But then I grew up with arcade games that had specific, unique controls,

There's that word again.

 

I want that in any home port that claims to be the same game.

Because games magically change into another game once you play with a d-pad. Well, perhaps they do change.....into something better and playable.

 

People who grew up after the '80s arcade heyday don't have that experience and don't see it as anything special or required.

Must be why the arcade scene ended up dying out only to be revitalized by fighting and racing games in the 90's, only to die out yet again.

I understand the reality of that, I weep for their loss.

In reality, nothing of value was lost.

 

 

 

So what that the industry made it a standard after years of the "standard" being cool, interesting controllers. The industry is cheap, anything that can make things easier and cheaper, they're all for it. I hate JAMMA standardized arcade cabinets, too, because that also made arcade game controls standardized and bland. Just look at Star Trek: SOS, a spinner and 4 buttons, how terrible that would be with a d-pad. Ok, it's also color vector so that makes home console ports problematic, but the controls are the key to that game! Variable speed in the rotation as you fire at one target and position yourself for the next one, moving the whole time.

Not necessarily. The SNES could get around this very easily by simply mapping the thrust and deceleration configuration to either two of the 4 face buttons or the 2 shoulder buttons. In fact, how do you think Pilotwings, one of the best games on the system, handles? (In fact The 16-bit gen would see a lot of previously unported pc flight sim games.) The NES simply wasn't designed for the multi-button arcade ports.

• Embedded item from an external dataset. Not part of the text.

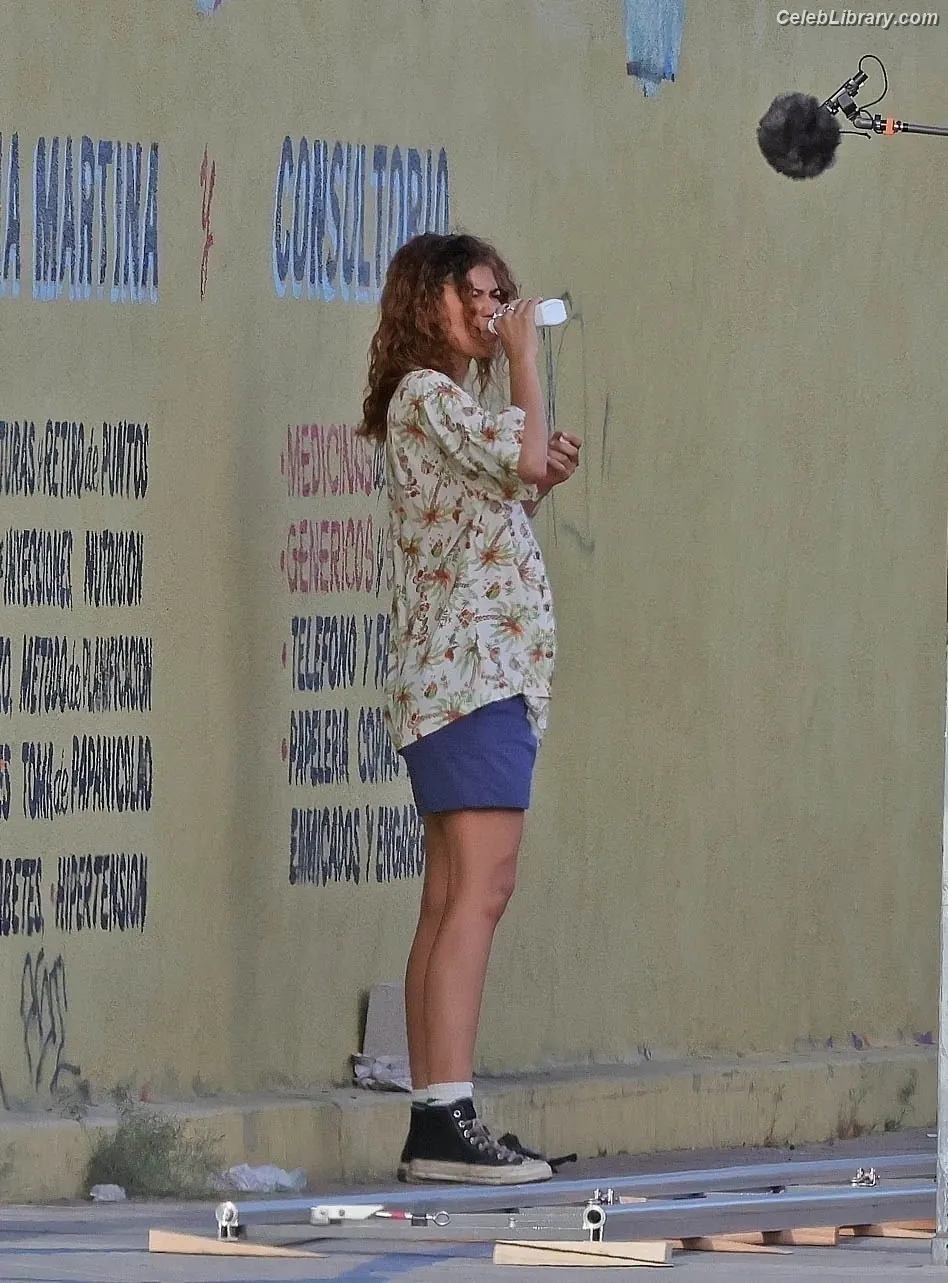 Zendaya photo 11 of 1935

However, that has absolutely zero bearing on whether or not you can play a flight sim game or a game like Star trek: SOS on a d-pad. To which, the answer is unequivocally: yes.

 

 

Why would our thinking have held back gaming immensely? I'm not saying only arcade shooters. Have your platformers and FPSs and all the other types. Just don't get rid of classic arcade style gaming. But again, due to the 2600's primitive guts and graphics, arcade shooters (and puzzle/maze games) are about all you're going to get from it. So if you want games with more memory and better graphics, look to the NES and elsewhere.

We haven't gotten rid of them. They are repackaged and sold every year as Arcade classics. The NES had an entire line of games that were called "Arcade classics." Half of Konami's back catalog alone on the NES/Famicom is nothing but early 80's style arcade style games. Simply put, everything that was done in terms of classic arcade style games has been already done and was already dated by the time the 7800 rolled to the public. There simply is no great demand for mass production of newer arcade games that you can't get in compilation form for 20 bucks on the DS.

 

 

I already explained that. Because with better graphics it became possible to make a game with shitty gameplay and it would sell because ooooh, look how cool it looks!

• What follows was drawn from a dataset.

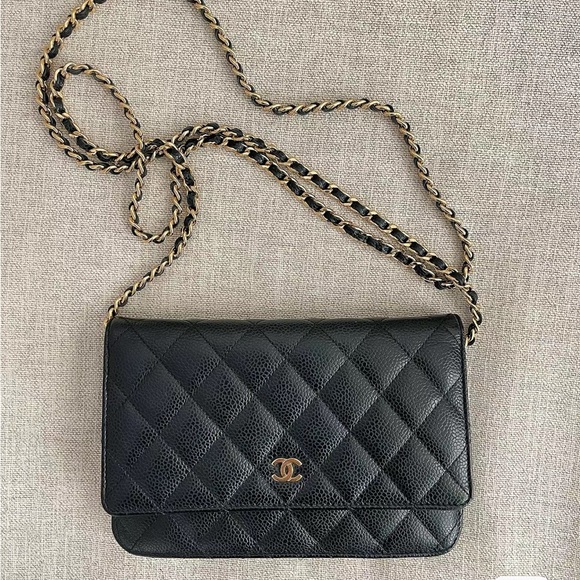 Chanel one the chain bag in black - Picture 1 of 6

Except games like Super Mario Bros were not only praised for it's graphical innovations but were praised because of the fact that the controls were tight and the level design great. In fact, Super Mario Brothers 3 became the de-facto standard by which all games are measured vis a vis tight mechanics. Super Mario Bros 3 is the sumum bonum of how a game can be controlled with such fluidity and ease.

 

Happens to this day. How many people have regretted buying certain games because they were boring or too easy/hard or repetitive? The first thought would be if they'd spent more money/time on the gameplay and not cared about all the textures and object design, this could have been a good game. This was not an option for 2600 programmers, the garbage resolution forced them to concentrate on gameplay. Of course there were still many dogshit games but you certainly couldn't blame being tricked by the awesome graphics, right? Blocks moving around other blocks shooting blocks at blocks. If you thought that looked great then you needed something stronger than glasses.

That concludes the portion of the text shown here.